SpaceX launched its latest batch of satellites to operate the Starlink satellite broadband service yesterday. The company also revealed that it now has 500K pre-orders for the service, with prospective customers paying $99 each.
Yesterday’s launch put 60 satellites in orbit and was actually the second Starlink launch in a week’s time. SpaceX now has about 1,500 Starlink satellites in orbit, forming a growing constellation to bring satellite broadband to the planet. Eventually Starlink could have as many as 12K satellites.
The company webcast yesterday’s launch and revealed during the webcast that it had received the 500K pre-orders.
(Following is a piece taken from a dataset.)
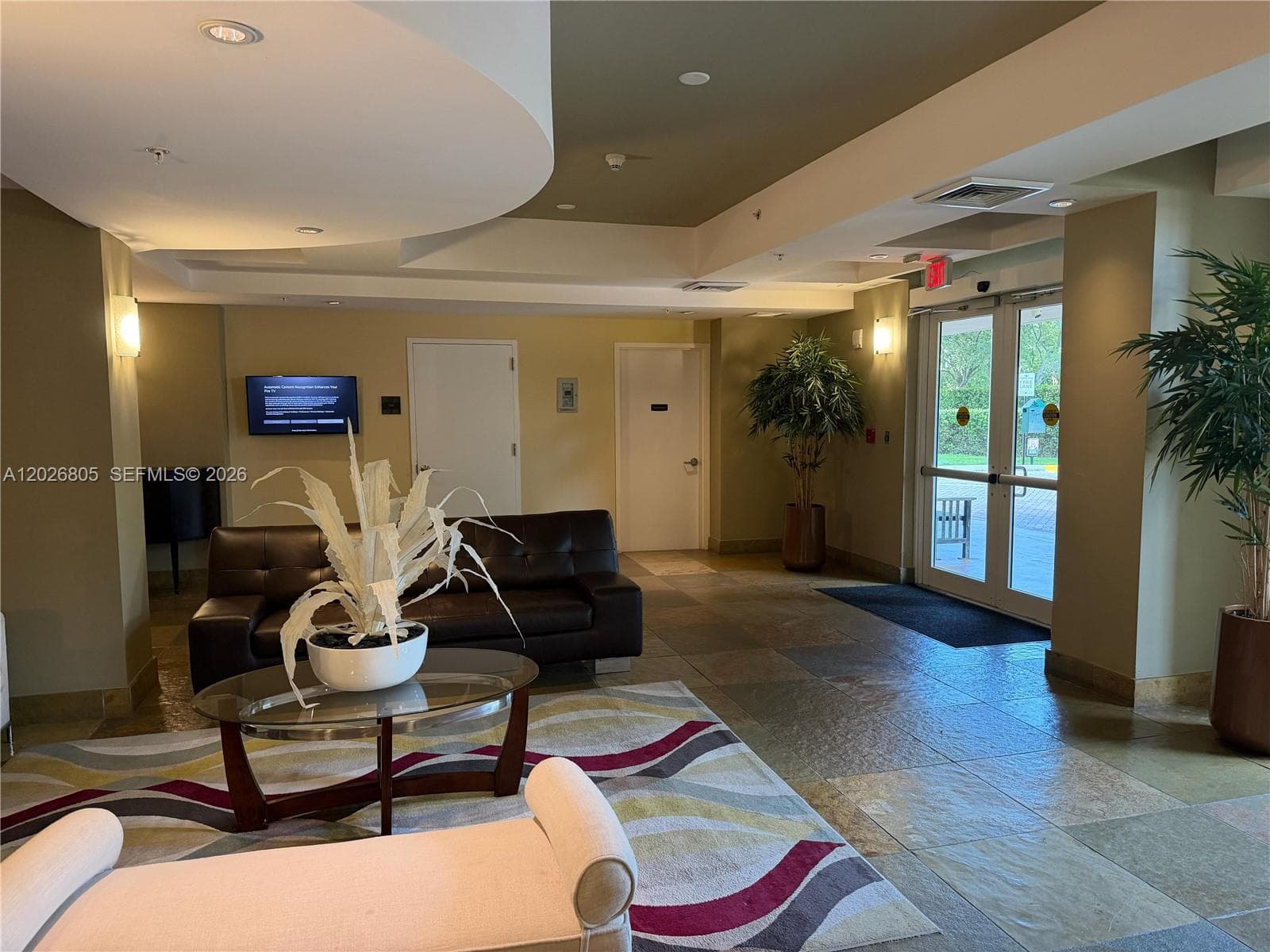 1755 E Hallandale Beach Blvd 2404E photo 17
Starlink began taking pre-orders in February, and customers have to pay a refundable $99 fee to pre-order. Previously Starlink had confirmed only 10K beta customers. The service currently also requires a $499 commitment for equipment.
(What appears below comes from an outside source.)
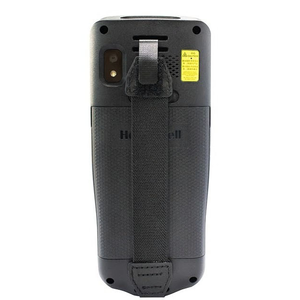 ScanPal EDA50KP Is EDA50K Upgraded Version Handhelds <strong>Pda</strong> <strong>Android</strong> Barcode Scanner <strong>Qr</strong> <strong>Code</strong> <strong>Reader</strong> Barcode <strong>Reader</strong> 2D <strong>with</strong> USB Port - Product Image 3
There has been plenty of speculation regarding SpaceX’s ability to scale Starlink, and reaching 500K pre-orders is noteworthy. The company has won provisional funding from the FCC’s RDOF program to serve 642K rural locations. Some, maybe many, of those 500K pre-orders may be already captured in the 642K RDOF commitments. But then again, maybe not.
Some have made an argument with the FCC that SpaceX won’t even be able to adequately serve the 642K RDOF commitments, much less hundreds of thousands more. Financial analysts MoffetNathanson estimate the total market for Starlink will be 300K to 800K households.
Between the 500K Starlink pre-orders and the 642K RDOF locations, SpaceX may have already surpassed that estimate. Is Starlink properly engineered to handle this much capacity? We’ll soon find out.
Always confident SpaceX CEO Elon Musk sees no problem. In responding to a CNBC report by tweet, Musk said that the initial 500K will receive service and Starlink’s only limitation will be serving a high density of users in urban areas.
In addition to serving stationary locations, Starlink has aspirations of providing satellite delivered broadband to moving customers on boats, trucks, RVs, and others. That adds even more potential customers and more capacity constraints to the service.